Inflation returns with a vengeance?
That’s why some strategists see inflation creeping up as a possible 2020 problem for the markets and economy.
“Crude prices have held above the $60 level. If oil continues to go higher over the next six months are we going to be talking about inflation?” said TD Ameritrade chief market strategist JJ Kinahan.
“We haven’t talked about inflation for so long — and it’s the punch you don’t see that usually knocks you out,” Kinahan added.
Kinahan notes that in addition to higher commodity prices, wages are steadily increasing and the dollar has weakened following a strong start to the year. Add all that up and inflation pressures may start to eat into corporate profits.
That could be bad news for stocks, given that valuations are starting to look a bit rich.
“If the Fed reacts to inflation and starts raising rates, then I would get nervous,” said John Schlifske, chairman, president and CEO of Northwestern Mutual. “There’s always the potential for a curve ball. Central banks around the world in general are a risk.”
Earnings estimates may need to come down
Inflation isn’t the only possible bugaboo that could derail the stock market and the economy.
Sonders said she’s keeping a close eye on potential cracks in the job market. Sure, employers are still adding a healthy number of workers and the unemployment remains near a half-century low.
But she noted that there have been “troubling kinks” in the most recent weekly jobless claims numbers, with more people filing for unemployment benefits in states with big agricultural and industrial industries — i.e. those with more exposure to tariffs and the trade war with China.
Profit forecasts for 2020 might be too high, Sonders said, and she’s concerned that businesses will need to absorb the hit from higher tariffs instead of passing them on to consumers.
“Manufacturers have been talking about how sourcing in China is an issue and companies are limited with what they can do to shift their supply chains.
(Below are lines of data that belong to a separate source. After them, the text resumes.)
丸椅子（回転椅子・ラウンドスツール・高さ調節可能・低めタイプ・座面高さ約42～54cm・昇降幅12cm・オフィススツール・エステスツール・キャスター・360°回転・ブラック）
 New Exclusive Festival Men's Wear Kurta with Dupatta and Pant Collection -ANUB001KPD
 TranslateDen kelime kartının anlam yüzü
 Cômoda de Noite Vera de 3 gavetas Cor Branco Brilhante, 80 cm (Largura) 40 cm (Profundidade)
They are doing the best they can but they are eating a lot of the higher costs,” Sonders said.
Don’t ignore the 2020 election and Brexit
Political uncertainty remains as well, at home and abroad.
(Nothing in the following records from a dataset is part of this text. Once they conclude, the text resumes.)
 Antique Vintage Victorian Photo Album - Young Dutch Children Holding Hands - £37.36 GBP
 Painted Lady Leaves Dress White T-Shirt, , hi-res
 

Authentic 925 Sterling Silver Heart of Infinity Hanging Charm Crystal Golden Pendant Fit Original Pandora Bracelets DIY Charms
“The market could have a stronger reaction to political rhetoric once we get past the conventions and have a clear Democratic candidate,” said John Conlon, chief equity strategist with People’s United Advisors.
While investors often try to ignore the noise, there is a chance that two sectors that have performed well this year — technology and health care — could get hit, Conlon said. President Trump has talked about reining in drug prices and he has made no secret of his animosity towards Amazon, Facebook, Google owner Alphabet and other tech giants.
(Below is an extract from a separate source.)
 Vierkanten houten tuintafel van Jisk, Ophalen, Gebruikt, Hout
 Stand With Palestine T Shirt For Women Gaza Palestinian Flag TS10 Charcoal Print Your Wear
And the more progressive Democratic contenders, most notably Elizabeth Warren and Bernie Sanders, also have bold plans for the health care and tech industries.
On the international front, American investors may need to pay more attention to the chaotic Brexit situation and the potential that market turmoil could spill over to the European continent. If that happens, the economies of big European nations like Germany could slow. That, in turn, could further weaken growth in China given how much that nation relies on Europe as an end market.
Rich Sega, global chief investment strategist for Conning, worries that Europe could be a drag on global growth. “That’s not going to get better with Brexit and how that will impact exports to China,” he told CNN Business.
In other words, the market still has a lot to worry about — but you wouldn’t know it by looking at how well the Dow, S&P 500 and Nasdaq have done this year.